Metal-organic frameworks combined with mid-infrared spectroscopy for the trace analysis of phosphates in water

Authors: Felix Frank, Bettina Baumgartner, and Bernhard Lendl.

Detecting traces of phosphates in water is critical for monitoring water quality in aquatic ecosystems. Mid-infrared techniques are effective for label-free and quick measurements in at-line or in-line applications, but sensitivity is limited due to high water absorption. To combat this, preconcentration schemes combined with evanescent field spectroscopy can be used to enrich the analyte in the probed volume and thereby increasing sensitivity. Metal-organic frameworks (MOFs) are versatile materials with defined porosity and tuneable chemistry, which make them ideal for selective adsorption of target molecules. In this study, an NH2-MIL-88B(Fe) (= Fe3O(NH2-BDC)3) MOF-based enrichment layer was prepared on a diamond attenuated total reflection (ATR) crystal for in situ Fourier transform infrared (FTIR) spectroscopic measurements of ortho-phosphates in water.

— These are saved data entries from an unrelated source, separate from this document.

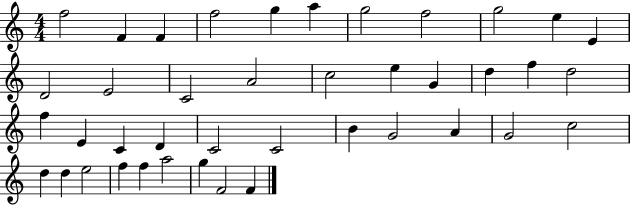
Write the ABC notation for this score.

X:1
T:Untitled
M:4/4
L:1/4
K:C
f2 F F f2 g a g2 f2 g2 e E D2 E2 C2 A2 c2 e G d f d2 f E C D C2 C2 B G2 A G2 c2 d d e2 f f a2 g F2 F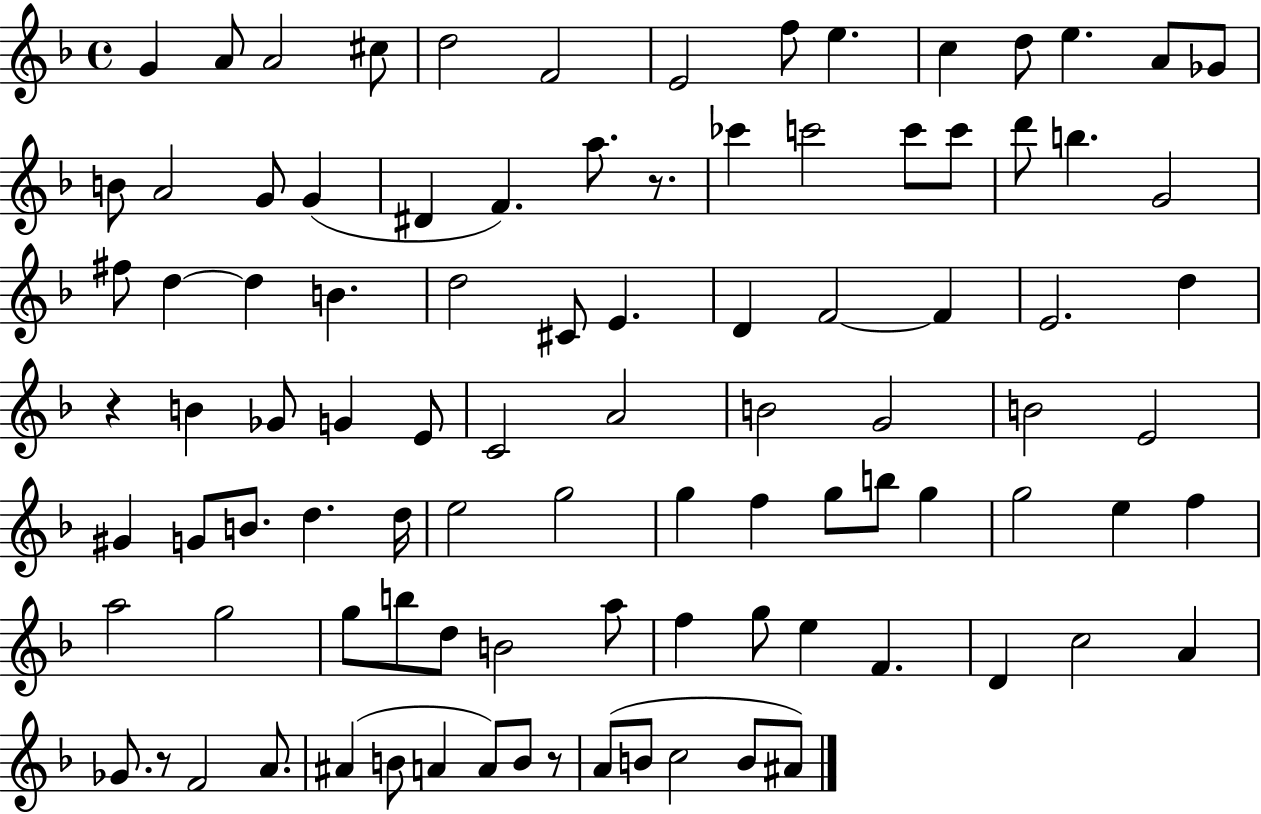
{
  \clef treble
  \time 4/4
  \defaultTimeSignature
  \key f \major
  g'4 a'8 a'2 cis''8 | d''2 f'2 | e'2 f''8 e''4. | c''4 d''8 e''4. a'8 ges'8 | \break b'8 a'2 g'8 g'4( | dis'4 f'4.) a''8. r8. | ces'''4 c'''2 c'''8 c'''8 | d'''8 b''4. g'2 | \break fis''8 d''4~~ d''4 b'4. | d''2 cis'8 e'4. | d'4 f'2~~ f'4 | e'2. d''4 | \break r4 b'4 ges'8 g'4 e'8 | c'2 a'2 | b'2 g'2 | b'2 e'2 | \break gis'4 g'8 b'8. d''4. d''16 | e''2 g''2 | g''4 f''4 g''8 b''8 g''4 | g''2 e''4 f''4 | \break a''2 g''2 | g''8 b''8 d''8 b'2 a''8 | f''4 g''8 e''4 f'4. | d'4 c''2 a'4 | \break ges'8. r8 f'2 a'8. | ais'4( b'8 a'4 a'8) b'8 r8 | a'8( b'8 c''2 b'8 ais'8) | \bar "|."
}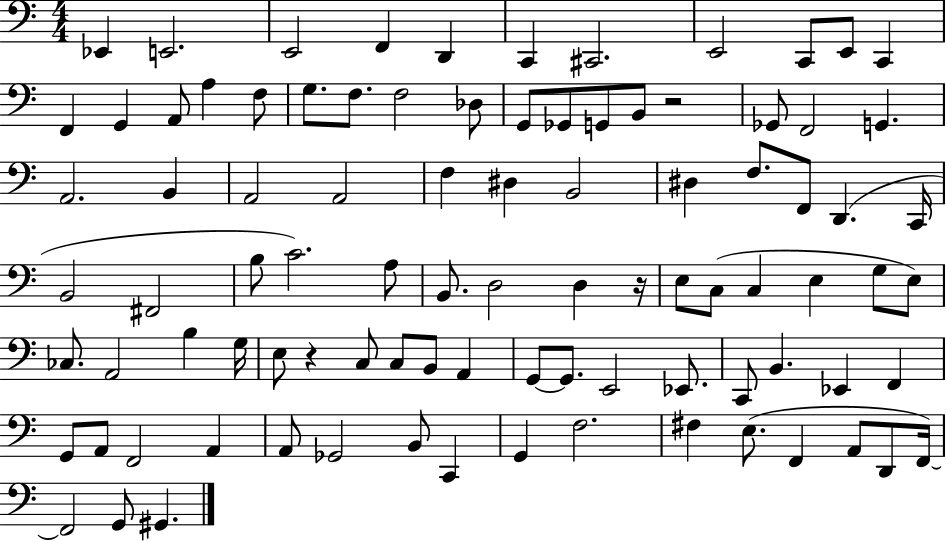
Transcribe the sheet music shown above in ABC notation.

X:1
T:Untitled
M:4/4
L:1/4
K:C
_E,, E,,2 E,,2 F,, D,, C,, ^C,,2 E,,2 C,,/2 E,,/2 C,, F,, G,, A,,/2 A, F,/2 G,/2 F,/2 F,2 _D,/2 G,,/2 _G,,/2 G,,/2 B,,/2 z2 _G,,/2 F,,2 G,, A,,2 B,, A,,2 A,,2 F, ^D, B,,2 ^D, F,/2 F,,/2 D,, C,,/4 B,,2 ^F,,2 B,/2 C2 A,/2 B,,/2 D,2 D, z/4 E,/2 C,/2 C, E, G,/2 E,/2 _C,/2 A,,2 B, G,/4 E,/2 z C,/2 C,/2 B,,/2 A,, G,,/2 G,,/2 E,,2 _E,,/2 C,,/2 B,, _E,, F,, G,,/2 A,,/2 F,,2 A,, A,,/2 _G,,2 B,,/2 C,, G,, F,2 ^F, E,/2 F,, A,,/2 D,,/2 F,,/4 F,,2 G,,/2 ^G,,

A workflow for single-use enrichment layers was established, and an automated flow system was used to apply aqueous phosphate solutions. Using internal referencing and compensating for variation in MOF film depositions, phosphate analysis reproducibility increased from 74% to 94%. The Langmuir adsorption model was used to derive a limit of detection (LOD) of 0.18 mg L-1 phosphorus in water. Overall, this work demonstrates the effectiveness of NH2-MIL-88B(Fe) MOFs as enrichment layers for aqueous phosphate sensing. Our results provide a promising avenue for the development of sensitive and selective sensors for environmental and biomedical applications.